Records to use:
*** Block opens ***
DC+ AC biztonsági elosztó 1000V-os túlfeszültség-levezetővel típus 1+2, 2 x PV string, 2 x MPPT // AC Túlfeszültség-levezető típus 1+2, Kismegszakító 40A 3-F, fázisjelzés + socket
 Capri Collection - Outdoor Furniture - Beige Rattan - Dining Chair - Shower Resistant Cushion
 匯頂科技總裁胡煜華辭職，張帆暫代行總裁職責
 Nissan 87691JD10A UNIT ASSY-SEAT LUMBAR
*** Block closes ***
*** Block opens ***
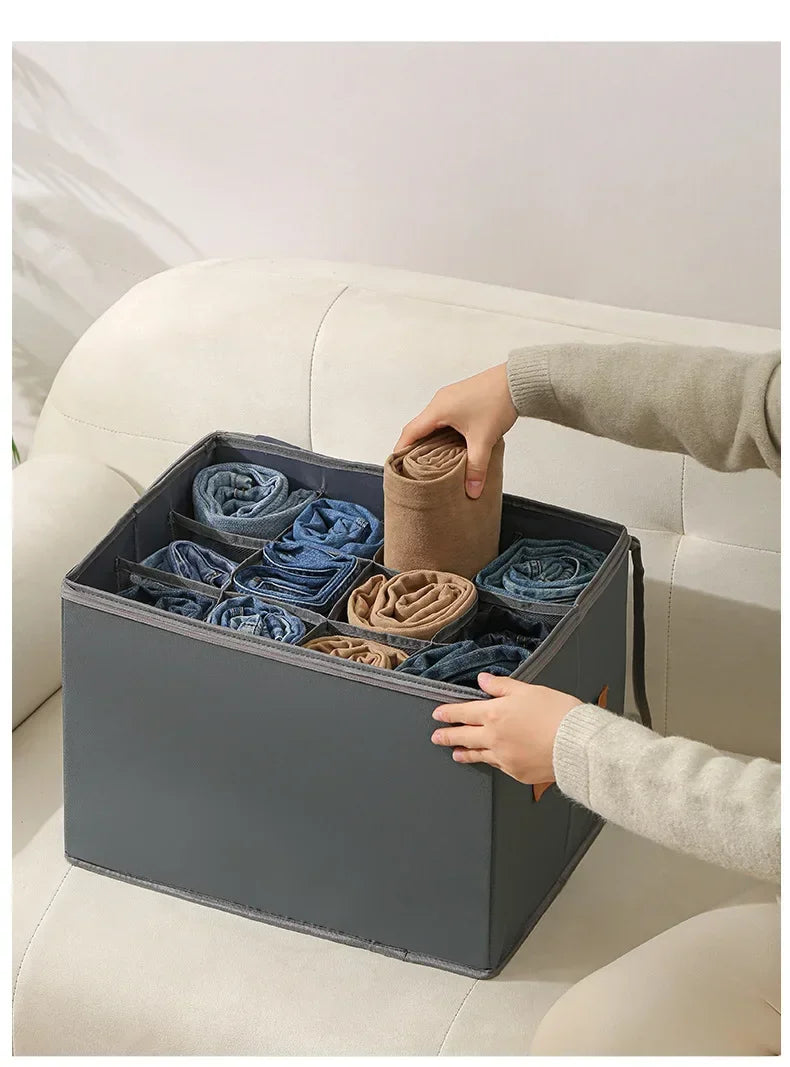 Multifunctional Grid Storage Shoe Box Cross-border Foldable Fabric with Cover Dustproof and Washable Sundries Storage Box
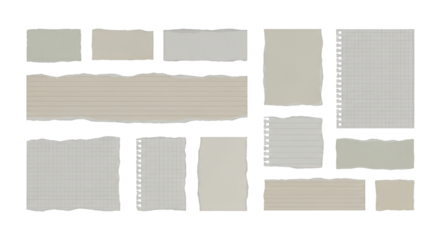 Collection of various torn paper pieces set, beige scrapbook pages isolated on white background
*** Block closes ***
Directions for this task: One stretch of the lines above is wanted, from the line that contains "DC+ AC biztonsági" through the line that contains "匯頂科技總裁胡煜華辭職，張帆暫代行總裁職責". Output it exactly.

The answer:
DC+ AC biztonsági elosztó 1000V-os túlfeszültség-levezetővel típus 1+2, 2 x PV string, 2 x MPPT // AC Túlfeszültség-levezető típus 1+2, Kismegszakító 40A 3-F, fázisjelzés + socket
 Capri Collection - Outdoor Furniture - Beige Rattan - Dining Chair - Shower Resistant Cushion
 匯頂科技總裁胡煜華辭職，張帆暫代行總裁職責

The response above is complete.